As the dust settles from the Charlie Hebdo shootings in Paris, an ugly picture emerges. The consensus that holds society together is breaking down. We may all agree that murder is wrong, but we disagree on how to combat extremists, how to live with foreign cultures and, indeed, the scope of free speech. The cosmopolitanism that prevails amongst society’s elite is challenged. And yet the only solution is to embrace cosmopolitan ideas yet further.
On the one hand we have the Islamic extremists themselves. We haven’t learnt much new here. Their alienation is such that they feel at war with western (and not just western) states, and they have ceased to see their opponents as human beings. The Paris assailants drew a distinction between “civilians”, whom they should not attack, and others, including journalists and Jews, whom it was OK to kill. This will no doubt aid the process of self-justification in their own circles – but the contradictions are too obvious to everybody else. The extremists appear to have momentum, especially led by the success of the Islamic State in Syria and Iraq. But their attacks, and their revelling in the power of life and death, should alienate them from the rest of society, outside the failed states in the Middle East and Africa.

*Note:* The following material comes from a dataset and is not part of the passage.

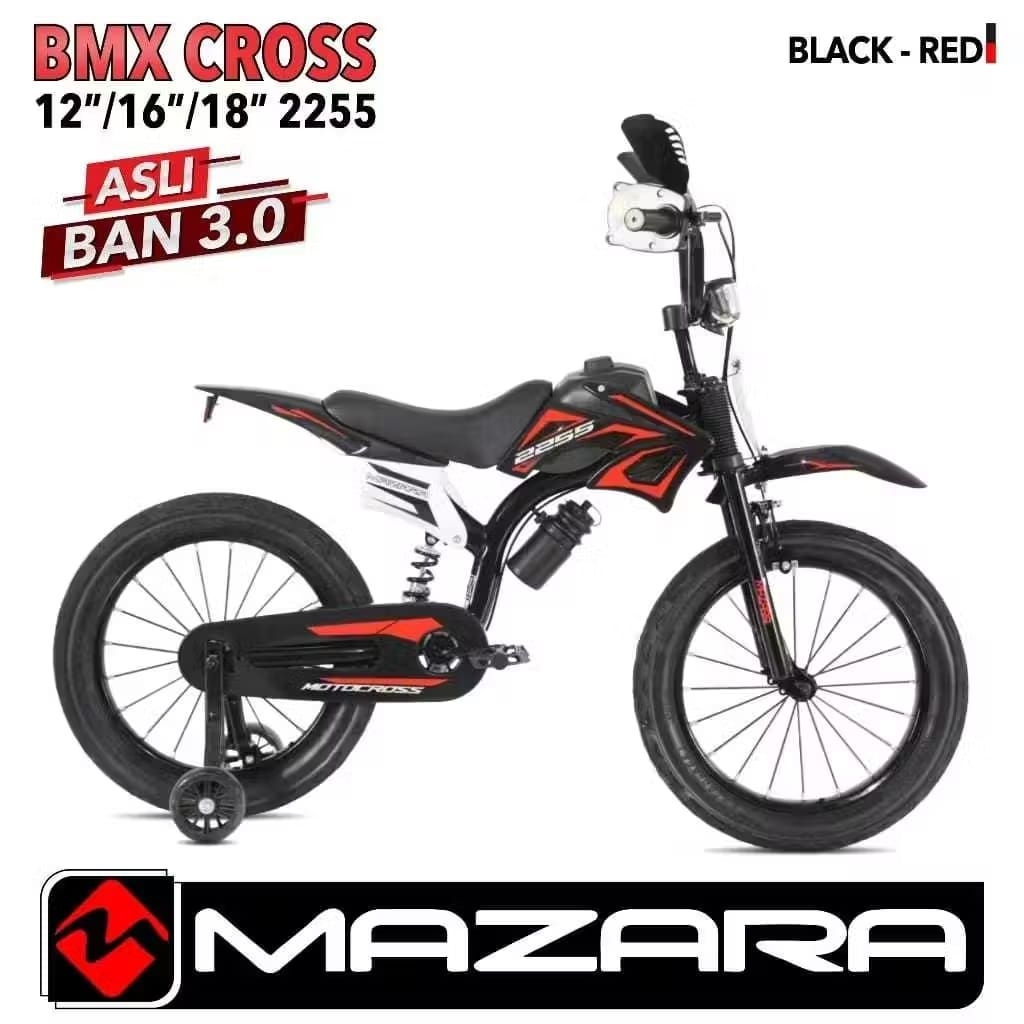 Sepeda BMX Anak Thril cross merk Mazara 2255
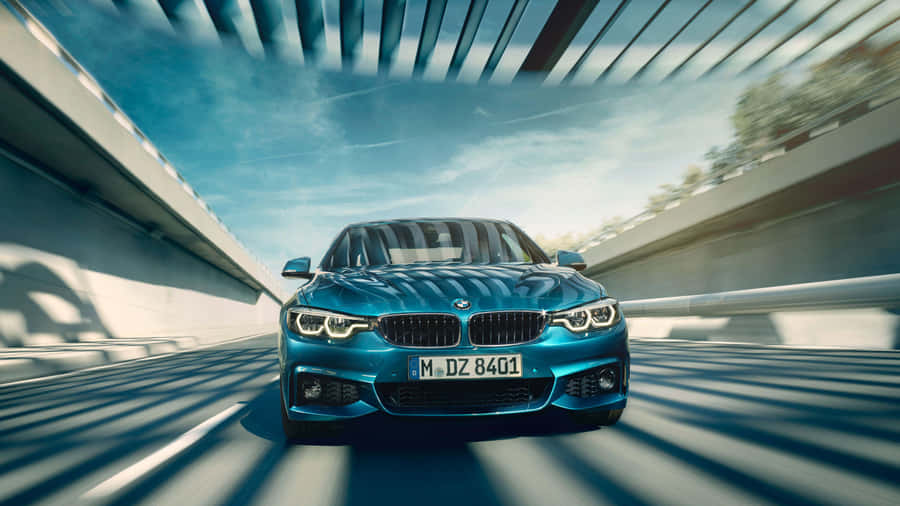 Stunning Bmw 4 Series In Action Wallpaper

We could take comfort from that if it wasn’t for dark forces working within the rest of society. Foremost amongst these is the rise of nativism in Europe and America. Nativists are intensely suspicious of any foreigners in their land. As we come to the end of the era of easy economic growth, and as technology destroys swathes of stable, clerical and factory jobs, faith in the idea of progress wanes. Nativists hark back to an earlier age that seemed simpler. They blame immigration for its undermining. Islamic immigrants have become a particular focus of suspicion. Ideas of a clash of civilisations, even a war, take currency. Nativism seems particularly strong in places with small immigrant communities, such as Clacton in England or, on an altogether larger scale, Dresden in Germany. But large, unintegrated ethnic minority communities provoke similar fears in neighbouring communities too. This accounts for the rise of perhaps the most important nativist movement: the National Front in France.
In Britain the rise of nativism is led by Ukip. Originally Ukip focused on Britain’s membership of the European Union, but it struck electoral gold when it shifted to opposition to immigration. The mainstream Conservative and Labour parties started to panic as Ukip ate into their core support, giving nativism further impetus. Tabloid newspapers stirred things up. As a result public attitudes to ethnic minorities have soured in much of the country. The idea of “freedom of speech” is now used to defend the open expression of Islamophobic views – though the idea that such freedoms should extend to the expression of Islamist or anti-Semitic views is not aired. The outcry of the Charlie Hebdo killings has given such nativists and their prejudices a real fillip.
Which makes matters worse. The entire Islamic community finds itself under attack. People say that all Muslims are to blame for extremists, and should apologise for them. Now the Muslim communities must face up to some important questions about how they are to progress and integrate into a modern world – questions that many are reluctant to confront. But ignorant prejudice serves only to alienate them, and prolong the sense of grievance on which the extremists feed.
And so we face the prospect of an unravelling. Globalisation is integral to the western way of life. Just think of the rise of the British Empire and the cities that have been built on the back of the African slave trade in the 18th Century if you think it is anything recent. Large immigrant communities are simply a continuation of that process, in an actually much more benign way. Denying globalisation is as futile as Britons denying that their country is European. Nativism is a road to nowhere, or rather a road to poverty and conflict.
Instead we must embrace the values of cosmopolitanism. These are articulated most clearly by the Ghanaian-born author Kwame Anthony Appiah (as in Cosmopolitanism – Ethics in a world of Strangers). We must accept that our culture is the product of many cultures melding together in a process that has being going on for millennia, and which is destined to continue. There is no such thing as cultural purity, and no point in trying to defend it. This is not the same as relativism, which backs away from defining any kind of right or wrong ethical values. It means embracing ethical values which accept that all the globe’s inhabitants are part of an “us”, even though we recognise stronger affinities with some rather than others. People of different cultures should enter conversations with each other, and accept that their outlooks may change as a result.
Cosmopolitanism has always been embraced by elites, especially in the west after the nightmare of Fascism, which showed the futility of its opposite. That accounts for the many cosmopolitan aspects of our institutions. But now it is vital that it is taken up by all of society: amongst working class communities and ethnic minorities too. Here in London, perhaps, this process is quite well advanced, though hardly complete (I’m afraid that Islamophobic attitudes remain commonplace). Different communities are forced to mingle. We go to school together; we work together; increasingly we have children together. Elsewhere, though, we have just taken a backward step.
But I remain hopeful. The young are more cosmopolitan than their elders. Our cultural and business leaders, by and large, remain firm. At a time when elites are under attack for being out of touch, it is time for them do what elites should: to show leadership.